DATA RECORDS =>
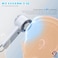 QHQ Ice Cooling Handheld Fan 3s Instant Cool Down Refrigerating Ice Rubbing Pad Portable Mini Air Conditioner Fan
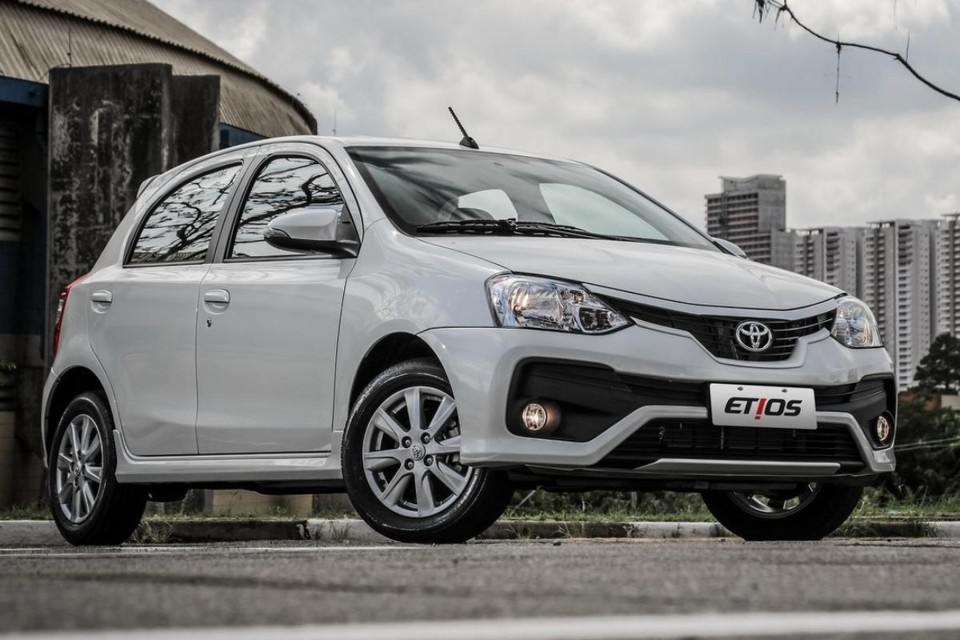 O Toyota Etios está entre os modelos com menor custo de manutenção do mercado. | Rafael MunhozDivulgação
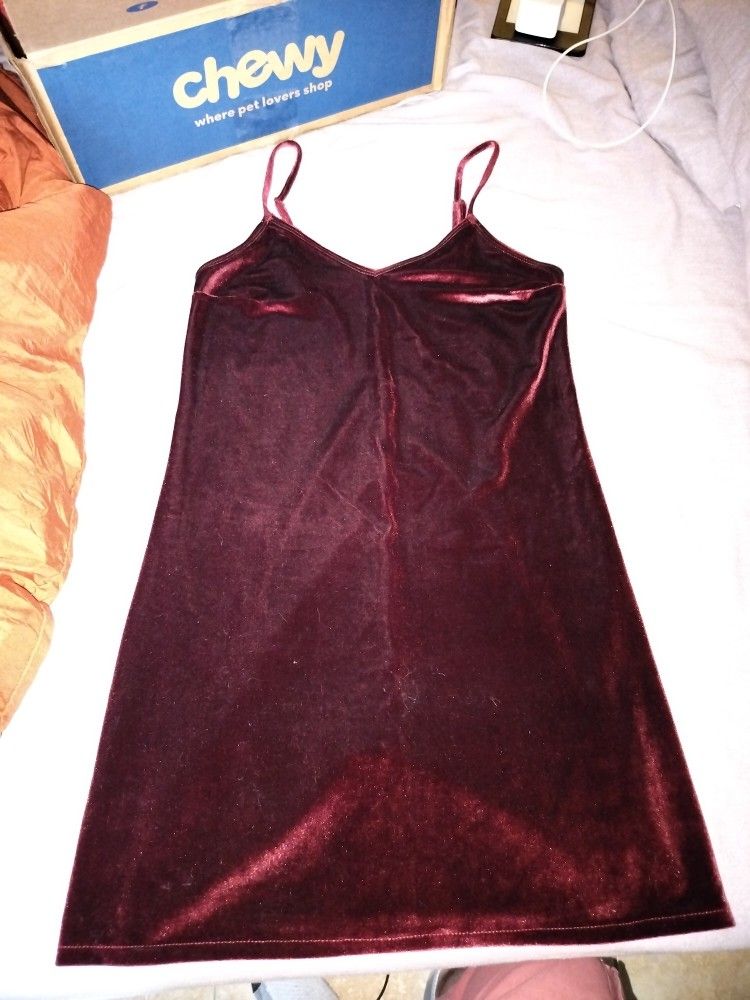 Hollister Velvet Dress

--

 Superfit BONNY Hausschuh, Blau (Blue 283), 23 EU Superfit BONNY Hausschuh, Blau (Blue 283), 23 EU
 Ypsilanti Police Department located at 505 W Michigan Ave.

==

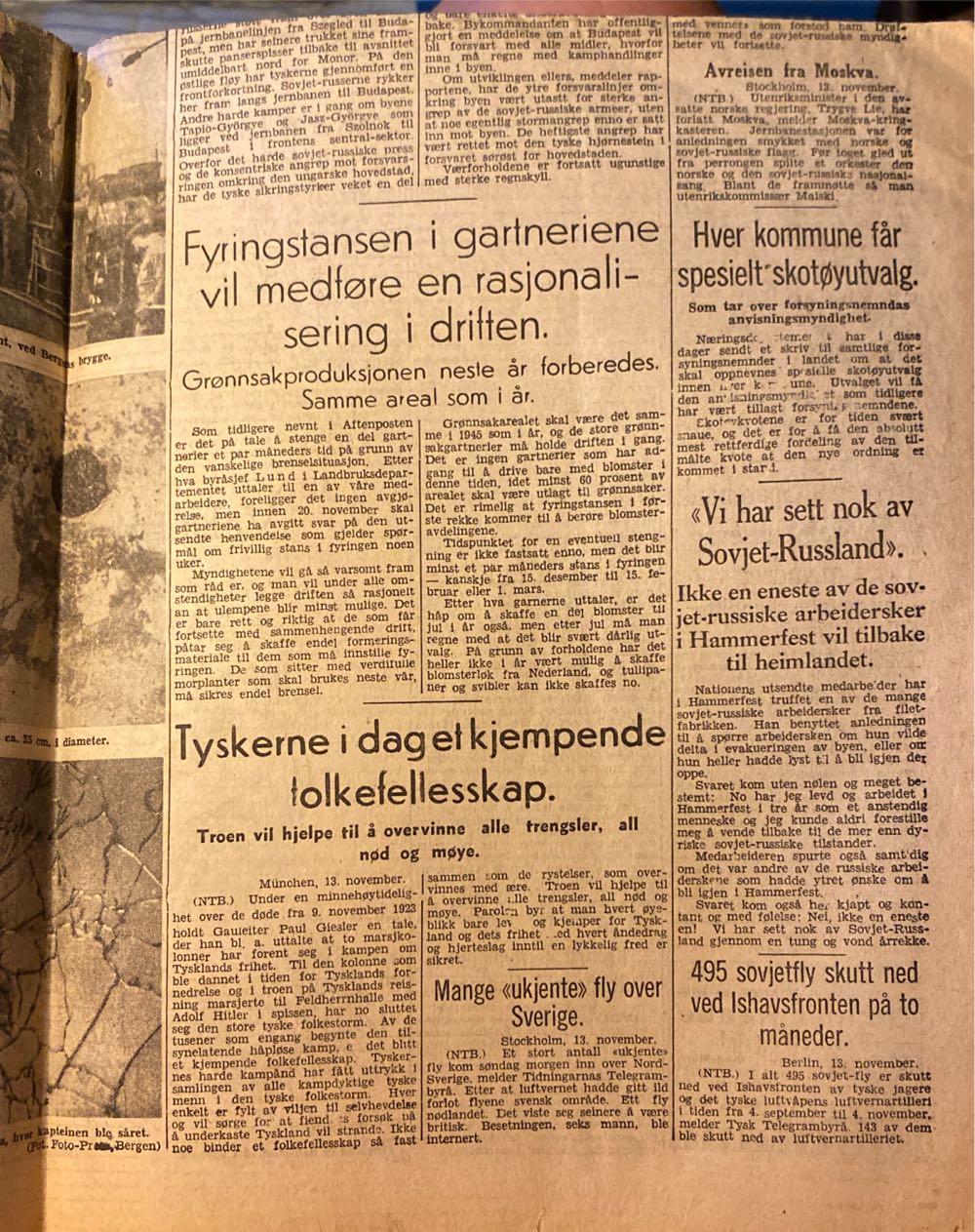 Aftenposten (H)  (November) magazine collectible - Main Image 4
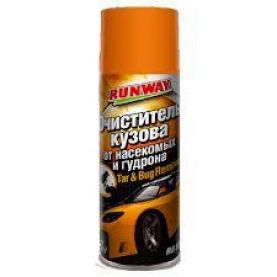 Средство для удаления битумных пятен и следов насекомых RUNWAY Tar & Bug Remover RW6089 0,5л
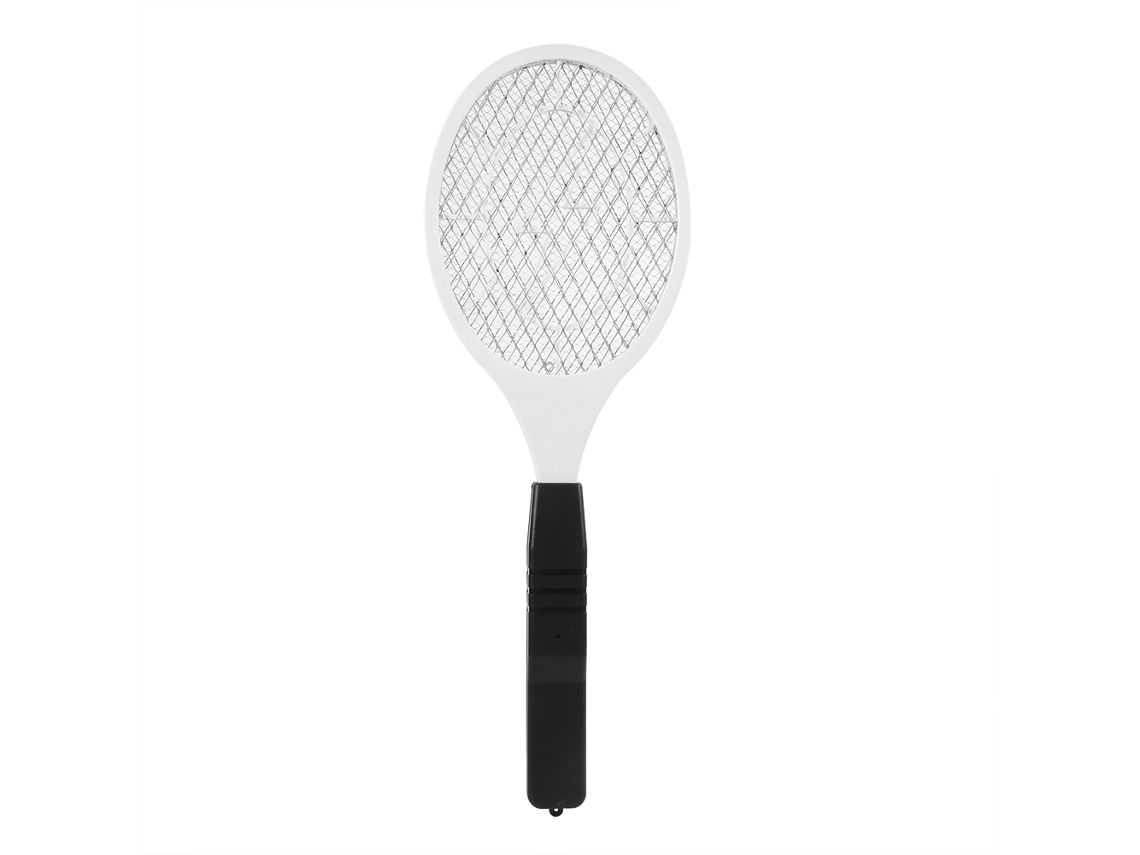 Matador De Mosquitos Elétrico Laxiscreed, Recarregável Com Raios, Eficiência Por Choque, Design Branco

EXERCISE INSTRUCTIONS => Output only the lines above from the one containing "QHQ Ice Cooling" to the one containing "Hollister Velvet Dress", both included, exactly as written and with no pictures.

SOLUTION FOR THIS EXERCISE =>
 QHQ Ice Cooling Handheld Fan 3s Instant Cool Down Refrigerating Ice Rubbing Pad Portable Mini Air Conditioner Fan
 O Toyota Etios está entre os modelos com menor custo de manutenção do mercado. | Rafael MunhozDivulgação
 Hollister Velvet Dress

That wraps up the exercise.